Abstract
Background Onychomycosis, the most common cause of nail dystrophy, is generally diagnosed by clinical examination. Current guidelines for Dutch general practice advise confirmatory testing only in cases of doubt or insufficient response to treatment. However, making a correct diagnosis can be challenging given the wide variety of clinical features and differential diagnosis.
Aim To establish accuracy of clinical diagnosis of onychomycosis by GPs.
Design & setting A diagnostic accuracy study based on GPs' clinical diagnosis of primary care patients suspected of onychomycosis.
Method Using 137 complete datasets from the Onycho Trial, diagnostic accuracy of clinical diagnosis as the index test was compared with confirmatory testing as the reference test. A sensitivity analysis was performed to determine diagnostic values for different combinations of index and reference test. Logistical regression was used to assess which clinical characteristics were associated with the positive predictive value (PPV) of the index test.
Results Clinical accuracy, that is the PPV of the index test, was 74.5%. Sensitivity analysis showed no significant difference in diagnostic values.
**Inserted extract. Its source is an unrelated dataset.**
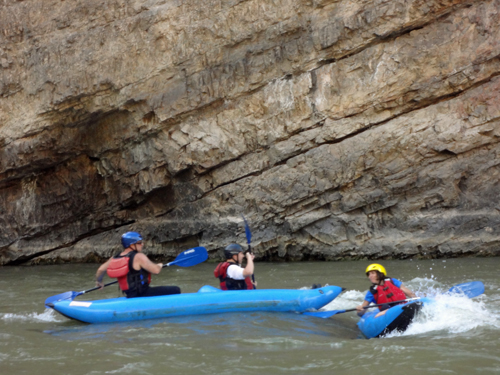 Kayakers in the colorado river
Male sex and a history of any previous treatment significantly increased clinical accuracy with an odds ratio (OR) of 3.873 (95% confidence interval [CI] = 1.230 to 12.195, P = 0.021) and OR 4.022 (95% CI = 1.075 to 15.040, P = 0.039), respectively.
Conclusion The study demonstrated that the GPs' clinical diagnosis of onychomycosis was insufficiently accurate to initiate treatment without confirmatory testing. Further research is needed to investigate how to increase clinical accuracy and reduce potentially unnecessary exposure to treatment.
How this fits in
Onychomycosis is often diagnosed by physical examination, but making a correct clinical diagnosis can be challenging owing to the broad differential diagnosis and wide variety of possible clinical features at presentation. Given the high prevalence of onychomycosis, it is important to establish the accuracy of clinical diagnosis of GPs, especially when treatment is considered. This study evaluated the accuracy of clinical diagnosis of onychomycosis in primary care by comparing the clinical diagnosis as the index test with confirmatory test results as the reference test. It found a significant chance of an incorrect clinical diagnosis without confirmatory testing; this was lower in males and those with a history of any previous treatment. These results should be taken into account when considering treatment and confirmatory testing in general practice.
Introduction
Onychomycosis is a very common nail problem. It accounts for more than half of all nail-related disease and around 30% of fungal skin infections in Europe and North America.1–3 On average 4.3% of adults are affected, although rates vary between 2% and 14%, increasing substantially with increasing age.4–7 Onychomycosis can lead to discolouration, thickening, and separation from the nail bed; the great toenail is most often affected.8,9 The chance of a self-limiting course is very low.10
In general, onychomycosis has an indolent disease course, although some patients experience pain and discomfort through thickening of the nail and may develop complications such as recurring dermatomycosis or secondary bacterial infection.9 Additionally, several studies have shown significant decrease in nail-related quality of life in affected individuals.11–15
According to a Cochrane review, the most effective treatment is oral terbinafine or an imidazole for 3 months.16 However, oral treatment may have potentially serious side effects including severe skin rash and liver injury.17 Weighing potential adverse reactions against onychomycosis’ indolent disease course, physicians might be reluctant in prescribing oral treatment especially for milder cases.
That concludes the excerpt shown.